Friday, January 22, 2010

Reflecting on the goodness of life...

There are times that I am keenly aware of the miracle I experienced last year--when I feel my heart flutter with excitement, when I was recently laying in the emergency room believing that I was suffering related symptoms only to learn that I had only pulled a muscle, and, when I hear about someone who did not have the same speedy recovery. I ran into a friend who told me a story that really touched me. His friend died at thirty three (33) years old after a bout with infection. Apparently he did not respond well to the medication that he received and went into cardiac arrest.

Even though I know that I experienced a miracle, sometimes I take my recovery for granted. Occasionally, I’ll complain about something insignificant. Sometimes, I’ll find myself longing for more money so that I could do something trivial like buy this sleeveless black Prada dress that has been in the past two Neiman Marcus catalogs. And more than once since my event, I have failed to express love in real time because I believe that I can always do it later.

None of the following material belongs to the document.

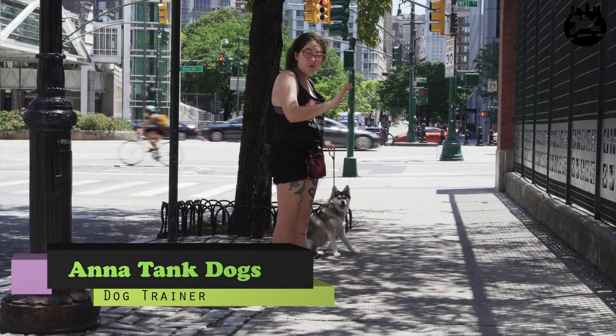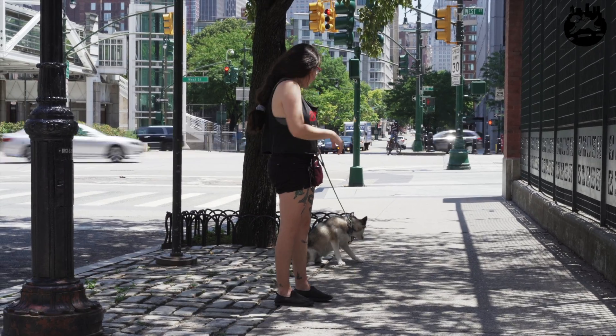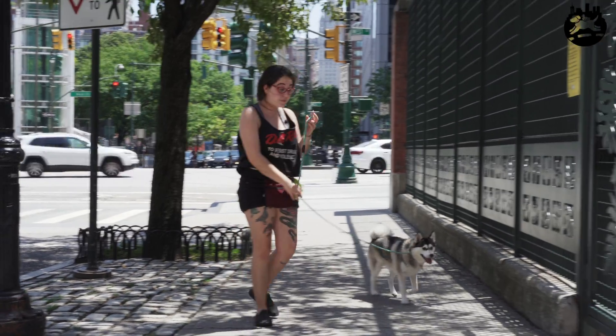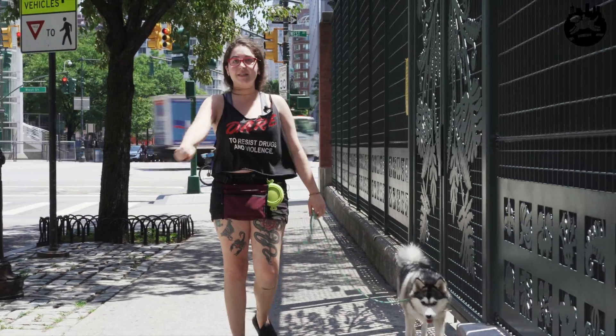Here's a good example — a lot of dogs will plant on the floor and not move, and people get stressed and don't want to drag the dog. So this is what you do: pressure, pressure, pressure — good — release the pressure. The second she follows me, you release it. Good girl.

I know that my comfort with life and tendency to take some things for granted is essential for coping. Indeed, when I was a ball of anxiety and tears, I was not very productive or very pleasant to be around. Still, there are times when I need to pause. There are times that I need to remember. There are times when I need to simply thank God that he spared life and allowed me to continue to experience this life so that I can learn, love, and just occasionally take the goodness of a day for granted.

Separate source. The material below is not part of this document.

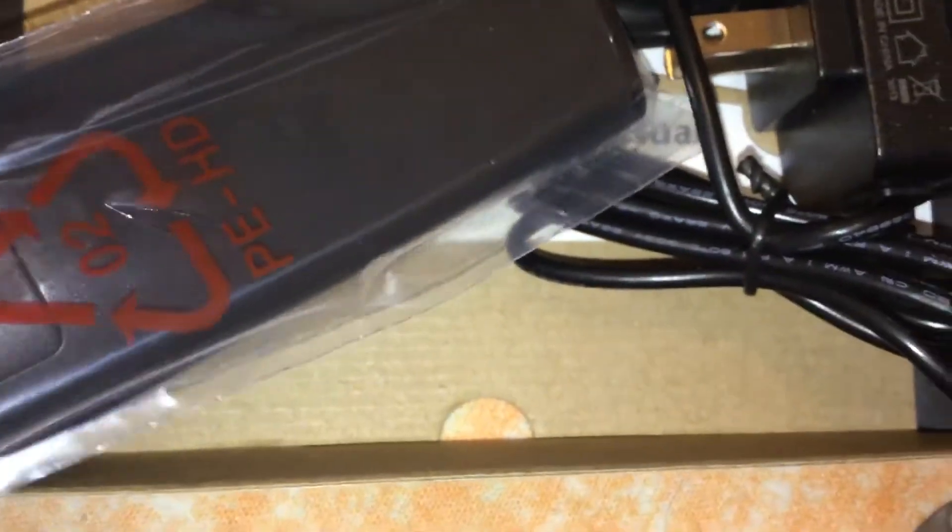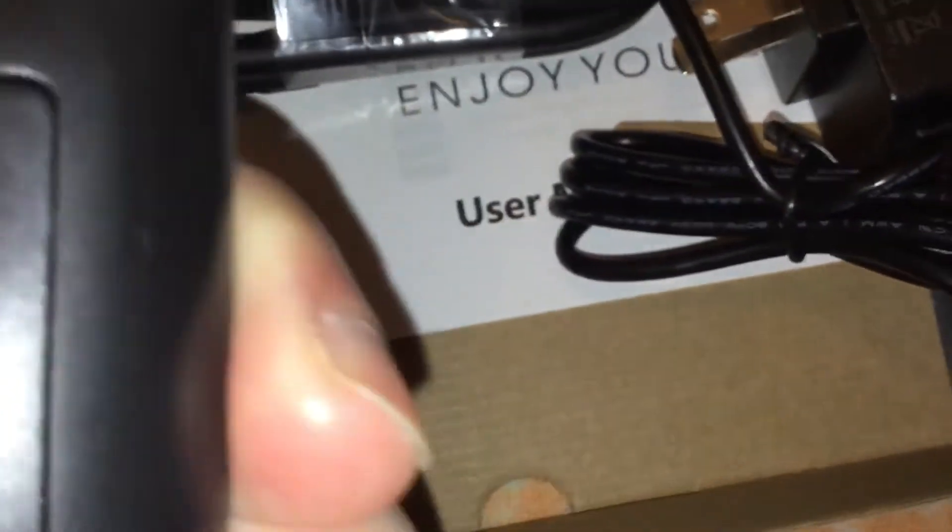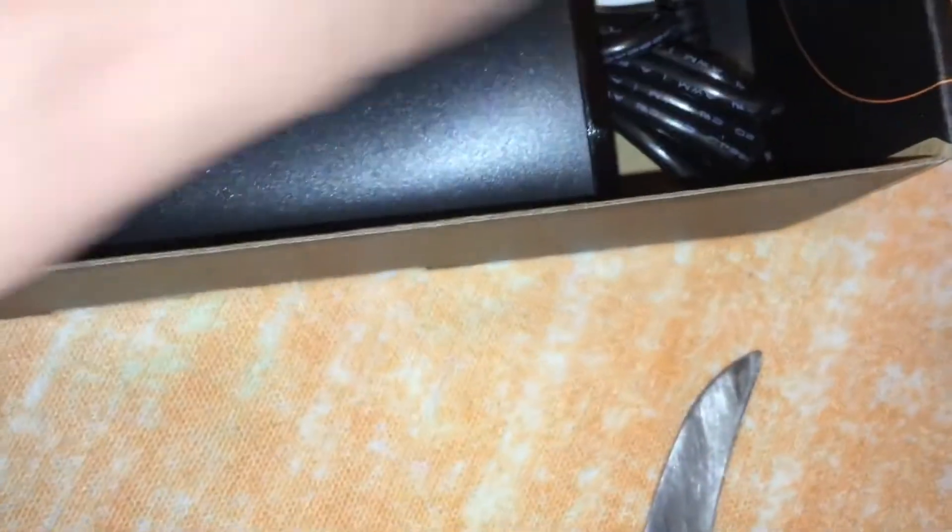The remote seems pretty heavy. Hopefully there's a battery inside, but I extremely doubt it. I can tell right now by feeling it that there's no batteries inside. It takes two AA batteries, which I should have.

(If you're new to this blog, check out the entries from May 2009 to learn the full story.)

Wednesday, January 20, 2010

It's a new year!!!

I greeted the New Year with friends, family, champagne, and a kiss. It was a most appropriate end to a year that was punctuated by illness, recovery, and redemption. It was also an inspiring way to begin 2010.

It was a marked difference from last year when my year ended with me party hopping. And began with me greeting the New Year with people that I knew only casually. While I toasted the new year, I really only went through the motions of celebration. There is a certain pressure to be on for New Year’s. Being the overachiever that I am, I rose to the challenge. However, my heart longed for something more meaningful.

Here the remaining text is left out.